LeBron James, King James to millions, jogged into Valley View Casino Center on Sunday as camera lights flashed a Midway District welcome.

James stepped onto a basketball court as a member of the Los Angeles Lakers for the first time in a preseason game against Denver. Nothing, however, felt preseason about it.

The crowd, building to its sellout size of 13,500, roared as the seventh leading scorer in NBA history, he of nearly 42 million Twitter followers, transformed a meaningless game into something historic.

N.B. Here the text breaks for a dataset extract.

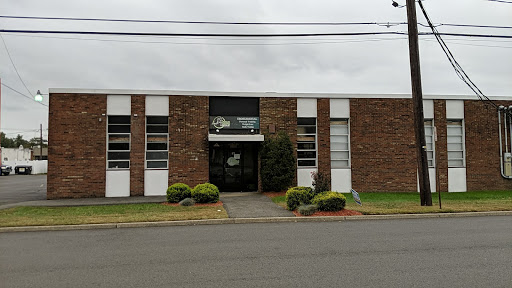 Personal Trainer «Unique Training Group», reviews and photos, 23 Bergenline Ave, Westwood, NJ 07675, USA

“It always feels different for me, any time you change uniforms,” said James, who married his wife, Savannah, five years ago at the Grand Del Mar in San Diego. “It felt different when I changed to a Cavs jersey and a Cavs jersey to a Heat jersey, back to a Cavs jersey and then the Lakers. It definitely feels different.

“It’s going to take a little bit of time to get used to.”

Lakers coach Luke Walton, a San Diego native, already is growing accustomed to the view.

“It was awesome,” Walton said. “When you’re coaching the Lakers and you look out and see LeBron wearing your team’s colors, it’s a pretty good feeling.”

Teri Dorazil and her 13-year-old son, Roman, made the trip from Dallas just to see James log a few preseason minutes. The duo wore matching No. 23 jerseys as they peeked in and prodded at gaps along a fence, hoping to catch a glimpse 4 ½ hours before tipoff.

When he suggested James is the greatest player of all time, Roman shot-blocked a mention of Michael Jordan.

“Who’s that?” he said, grinning.

Inside, Valley View Casino Center General Manager Ernie Hahn wore a suit jacket … and Chuck Taylor sneakers.

Hahn expected to personally squeak his way across every inch of the court to ensure the surface with a San Diego-themed palm tree and surfer did not become an unexpected storyline hours later. In 2015, a Lakers-Warriors game was stopped in the third quarter because of wet court conditions.

When it was announced James would join the Lakers in July, Hahn said the arena sold out the remaining 5,000-or-so tickets in six hours.

Another sign of the import: The exhibition was carried nationally on ESPN.

“It’s kind of like Tiger Woods and golf,” Hahn reasoned. “Those kinds of people change the dynamic of their sport.”

The LeBron Factor impacted everything in a game that meant nothing.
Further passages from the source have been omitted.